WHAT YOU NEED TO DO: Could you set down exactly the lines of the data below, starting at the one that holds "20 Pcs Garden" and ending at the one that holds "14k yellow gold", both included, and only those?

(Entries taken from a collection)
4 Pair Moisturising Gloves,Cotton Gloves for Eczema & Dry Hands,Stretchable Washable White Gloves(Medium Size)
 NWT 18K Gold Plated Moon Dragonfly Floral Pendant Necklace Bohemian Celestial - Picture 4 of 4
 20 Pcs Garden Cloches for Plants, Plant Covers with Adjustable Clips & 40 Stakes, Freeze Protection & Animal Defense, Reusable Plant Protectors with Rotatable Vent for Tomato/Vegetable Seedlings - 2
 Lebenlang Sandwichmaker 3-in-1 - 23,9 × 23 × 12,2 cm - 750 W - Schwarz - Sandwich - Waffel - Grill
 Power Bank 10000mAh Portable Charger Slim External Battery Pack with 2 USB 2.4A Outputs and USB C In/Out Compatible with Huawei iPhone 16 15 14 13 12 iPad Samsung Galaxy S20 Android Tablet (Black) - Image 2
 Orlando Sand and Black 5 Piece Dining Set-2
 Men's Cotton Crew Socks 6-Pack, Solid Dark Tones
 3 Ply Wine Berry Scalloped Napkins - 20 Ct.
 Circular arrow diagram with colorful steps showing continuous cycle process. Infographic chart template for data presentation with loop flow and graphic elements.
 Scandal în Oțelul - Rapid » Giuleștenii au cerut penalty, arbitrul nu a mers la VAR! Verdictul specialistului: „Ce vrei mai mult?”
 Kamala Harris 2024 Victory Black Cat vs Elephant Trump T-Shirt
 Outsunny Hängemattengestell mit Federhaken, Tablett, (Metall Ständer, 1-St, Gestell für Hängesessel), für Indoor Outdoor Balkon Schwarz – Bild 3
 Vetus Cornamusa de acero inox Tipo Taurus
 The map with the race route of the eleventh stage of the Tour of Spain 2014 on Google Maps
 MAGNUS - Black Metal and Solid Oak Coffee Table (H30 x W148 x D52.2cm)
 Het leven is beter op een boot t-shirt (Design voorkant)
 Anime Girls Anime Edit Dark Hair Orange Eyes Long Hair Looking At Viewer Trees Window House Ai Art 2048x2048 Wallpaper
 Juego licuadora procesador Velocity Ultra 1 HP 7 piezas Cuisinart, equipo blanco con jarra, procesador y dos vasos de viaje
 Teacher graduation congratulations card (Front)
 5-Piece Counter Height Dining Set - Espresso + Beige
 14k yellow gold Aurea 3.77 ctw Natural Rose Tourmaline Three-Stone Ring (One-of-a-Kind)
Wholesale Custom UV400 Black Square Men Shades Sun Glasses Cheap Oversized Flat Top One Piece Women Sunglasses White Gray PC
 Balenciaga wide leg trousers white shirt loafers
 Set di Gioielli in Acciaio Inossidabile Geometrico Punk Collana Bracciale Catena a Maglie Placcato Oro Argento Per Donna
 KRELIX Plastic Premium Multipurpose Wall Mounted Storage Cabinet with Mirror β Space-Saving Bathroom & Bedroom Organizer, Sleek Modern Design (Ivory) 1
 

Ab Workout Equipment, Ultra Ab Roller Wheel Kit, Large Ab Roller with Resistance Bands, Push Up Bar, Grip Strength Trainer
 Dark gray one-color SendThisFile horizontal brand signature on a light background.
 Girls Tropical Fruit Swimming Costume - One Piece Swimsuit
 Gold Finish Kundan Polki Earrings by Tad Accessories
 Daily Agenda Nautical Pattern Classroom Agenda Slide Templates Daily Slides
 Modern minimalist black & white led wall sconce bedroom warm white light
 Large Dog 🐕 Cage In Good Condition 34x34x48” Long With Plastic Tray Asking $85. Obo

ANSWER SPACE:
 20 Pcs Garden Cloches for Plants, Plant Covers with Adjustable Clips & 40 Stakes, Freeze Protection & Animal Defense, Reusable Plant Protectors with Rotatable Vent for Tomato/Vegetable Seedlings - 2
 Lebenlang Sandwichmaker 3-in-1 - 23,9 × 23 × 12,2 cm - 750 W - Schwarz - Sandwich - Waffel - Grill
 Power Bank 10000mAh Portable Charger Slim External Battery Pack with 2 USB 2.4A Outputs and USB C In/Out Compatible with Huawei iPhone 16 15 14 13 12 iPad Samsung Galaxy S20 Android Tablet (Black) - Image 2
 Orlando Sand and Black 5 Piece Dining Set-2
 Men's Cotton Crew Socks 6-Pack, Solid Dark Tones
 3 Ply Wine Berry Scalloped Napkins - 20 Ct.
 Circular arrow diagram with colorful steps showing continuous cycle process. Infographic chart template for data presentation with loop flow and graphic elements.
 Scandal în Oțelul - Rapid » Giuleștenii au cerut penalty, arbitrul nu a mers la VAR! Verdictul specialistului: „Ce vrei mai mult?”
 Kamala Harris 2024 Victory Black Cat vs Elephant Trump T-Shirt
 Outsunny Hängemattengestell mit Federhaken, Tablett, (Metall Ständer, 1-St, Gestell für Hängesessel), für Indoor Outdoor Balkon Schwarz – Bild 3
 Vetus Cornamusa de acero inox Tipo Taurus
 The map with the race route of the eleventh stage of the Tour of Spain 2014 on Google Maps
 MAGNUS - Black Metal and Solid Oak Coffee Table (H30 x W148 x D52.2cm)
 Het leven is beter op een boot t-shirt (Design voorkant)
 Anime Girls Anime Edit Dark Hair Orange Eyes Long Hair Looking At Viewer Trees Window House Ai Art 2048x2048 Wallpaper
 Juego licuadora procesador Velocity Ultra 1 HP 7 piezas Cuisinart, equipo blanco con jarra, procesador y dos vasos de viaje
 Teacher graduation congratulations card (Front)
 5-Piece Counter Height Dining Set - Espresso + Beige
 14k yellow gold Aurea 3.77 ctw Natural Rose Tourmaline Three-Stone Ring (One-of-a-Kind)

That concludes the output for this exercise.